The Shaw Prize in Life Science and Medicine 2024 is awarded in equal shares to Swee Lay Thein, Senior Investigator and Chief of the Sickle Cell Branch, National Heart, Lung, and Blood Institute at the National Institutes of Health, USA and Stuart Orkin, David G Nathan Distinguished Professor of Pediatrics at Harvard Medical School, USA, for their discovery of the genetic and molecular mechanisms underlying the fetal-to-adult hemoglobin switch, making possible a revolutionary and highly effective genome-editing therapy for sickle cell anemia and β thalassemia, devastating blood diseases that affect millions of people worldwide.
Sickle cell disease and β thalassemia are blood disorders that affect more than 20 million people worldwide. Five percent of the world’s population carry the trait genes for hemoglobin disorders and 300,000 babies are born each year with severe hemoglobin disorders. Most people who have sickle cell disease are of African ancestry or self-identify as Black. The sickle cell trait protects against malaria, explaining the prevalence of the sickle gene in populations in particular regions of the world.
The first sickle cell case was documented in 1846 and the disease was named sickle cell anemia in 1922. Blood cell sickling occurs due to low oxygen levels which is caused by an abnormal hemoglobin protein. Hemoglobin is the protein in red blood cells that transports oxygen throughout our tissues. Shortly after birth, a switch occurs, from the fetal form of hemoglobin to the adult form.
It has long been known that although sickle cell anemia is a disorder that is a consequence of changes in a single gene, disease severity varies. Indeed, studies conducted in the 1970s–1990s showed that patients with a hereditary condition that resulted in continued production of fetal hemoglobin made the sickle cell disease milder. This condition is called hereditary persistence of fetal hemoglobin.
Over the course of their distinguished careers, Swee Lay Thein and Stuart Orkin each made wide-ranging, independent contributions to the analysis of blood cell disorders.

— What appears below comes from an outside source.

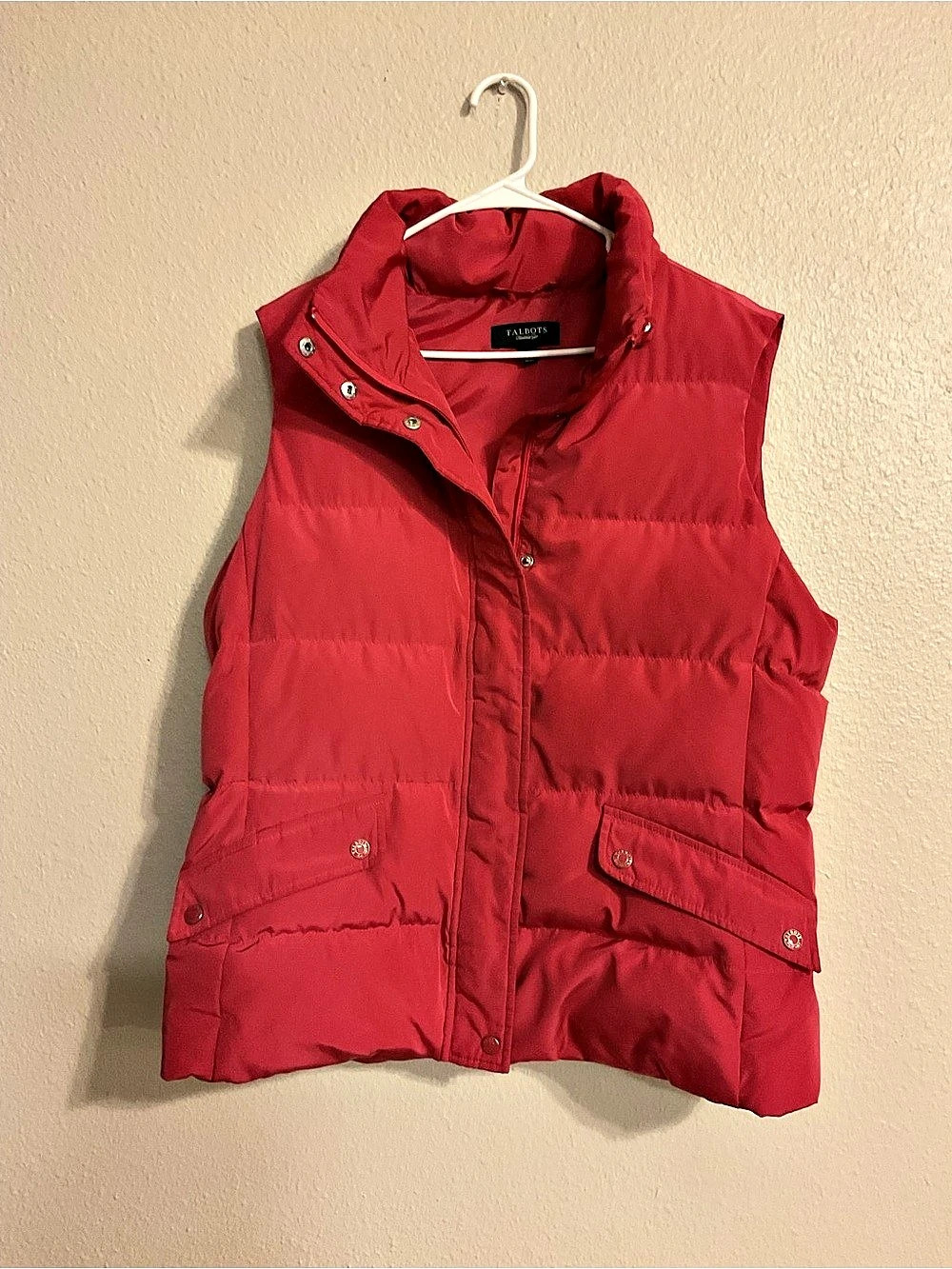 Talbots Quilted Puffer Vest Red Size Large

Their work intersected when they made complementary and reinforcing discoveries that led to the development of a therapy to treat sickle cell disease and β thalassemia.
Swee Lay Thein made a transformative discovery when she performed a genome-wide association examination of individuals displaying extreme differences in sickle cell and β thalassemia traits. Her goal was to identify genes associated with severity of disease. She transformed understanding of how phenotypes due to sickle cell traits can vary when she discovered that most genetic variance in fetal hemoglobin production was due to changes in genes encoding components other than hemoglobin. Using a technique called linkage analysis, Thein identified the genetic regions that influenced variation of the sickle trait. She mapped the changes to a gene called BCL11A, making the first connection between BCL11A and red blood cell disorders. She reported that BCL11A encodes a so-called zinc finger DNA binding regulatory protein on chromosome 2. She concluded that BCL11A is the major regulator of fetal hemoglobin production. Thein’s discovery presaged curative therapies in which manipulation of BCL11A could counteract the sickle cell and β thalassemia disorders.

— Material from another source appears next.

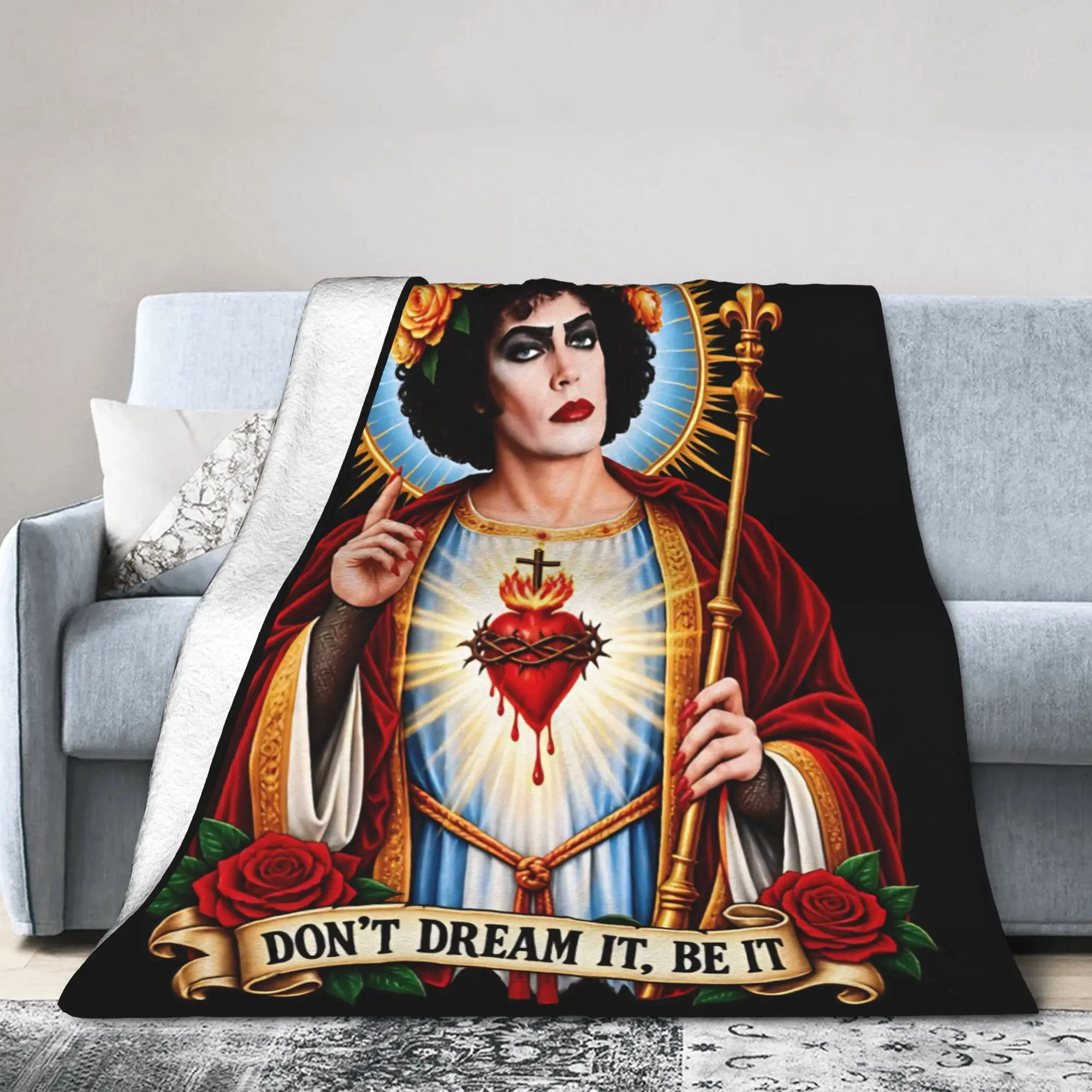 RIP Tim Curry 1946-2026 Plush Blankets Frank The Rocky Horror Picture Show Funny Throw Blankets for Home Plush Thin Quilt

In elegant work, Stuart Orkin established that the BCL11A protein is a repressor of the fetal hemoglobin promoter, and it is this promoter that is mutated in humans with hereditary persistence of fetal hemoglobin. Orkin demonstrated that downregulation of BCL11A expression corrects sickle cell disease in engineered mice, an experiment that was crucial for advancing the exciting notion that altering BCL11A production could be pursued for therapeutic translation for both sickle cell and β thalassemia. Orkin next identified a particular site in a BCL11A enhancer element that, when deleted using CRISPR gene editing in blood stem cells, dampened BCL11A expression. This genome alteration reactivated fetal hemoglobin production. Orkin’s mouse work provided the foundation for clinical trials using CRISPR genome editing in patients with sickle cell disease and β thalassemia. Indeed, the trials yielded transformative results: freedom from sickle crises and anemia in sickle cell disease, and transfusion-independence in β thalassemia.
The FDA approved two sickle cell stem cell therapies in December 2023. One of them, called CASGEVY and made by Vertex, is based on Thein and Orkin’s findings, and is the first approved therapy that uses CRISPR genome editing.
Thein and Orkin’s work exemplifies how basic discovery, disease research, and translational medicine can lay the foundation for development of transformative therapies that save lives.